__SOURCE MATERIAL__.

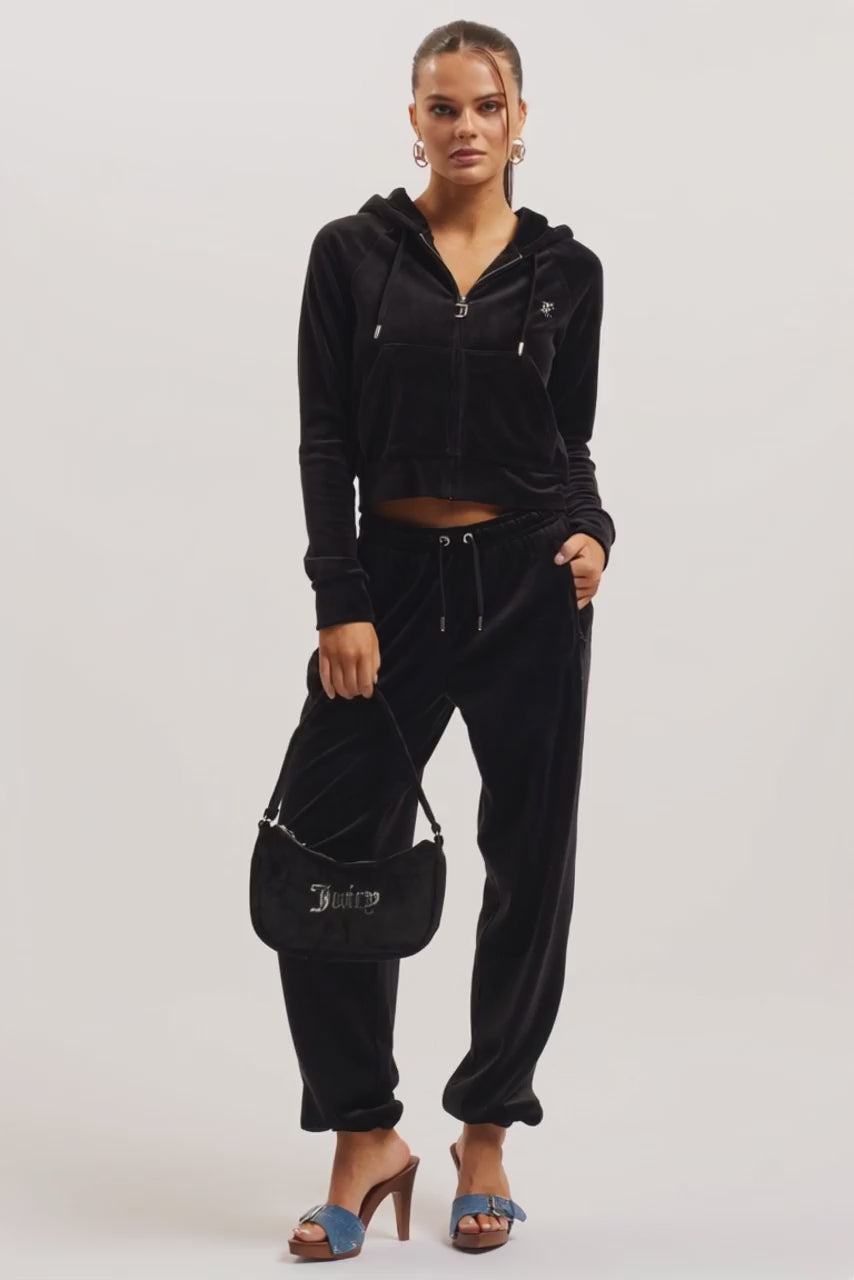 BLACK DIAMANTÉ VELOUR ZIP-THROUGH HOODIE - AI generated video - AI Generated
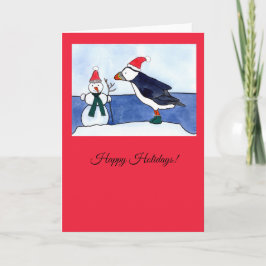Whimsical Puffin Weihnachtskarte Karte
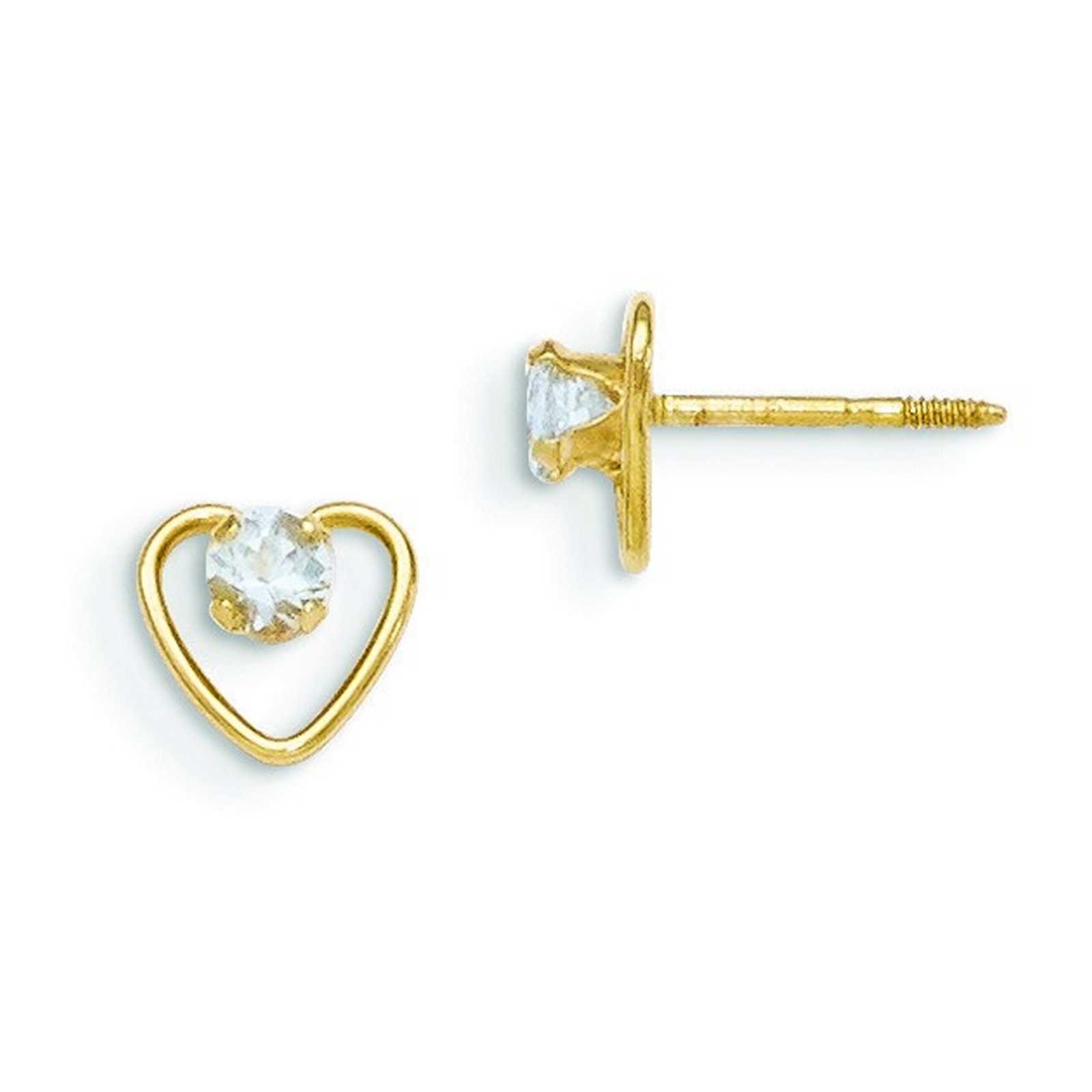 14k Yellow Gold 3mm Aquamarine Birthstone Heart Childrens Earrings - Measures 6x6mm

__EXERCISE DETAILS__.
Output the line containing "Whimsical Puffin Weihnachtskarte Karte" and each line after it, through the end of the material, exactly as given. No pictures belong in the output.

__TASK RESULT__.
Whimsical Puffin Weihnachtskarte Karte
 14k Yellow Gold 3mm Aquamarine Birthstone Heart Childrens Earrings - Measures 6x6mm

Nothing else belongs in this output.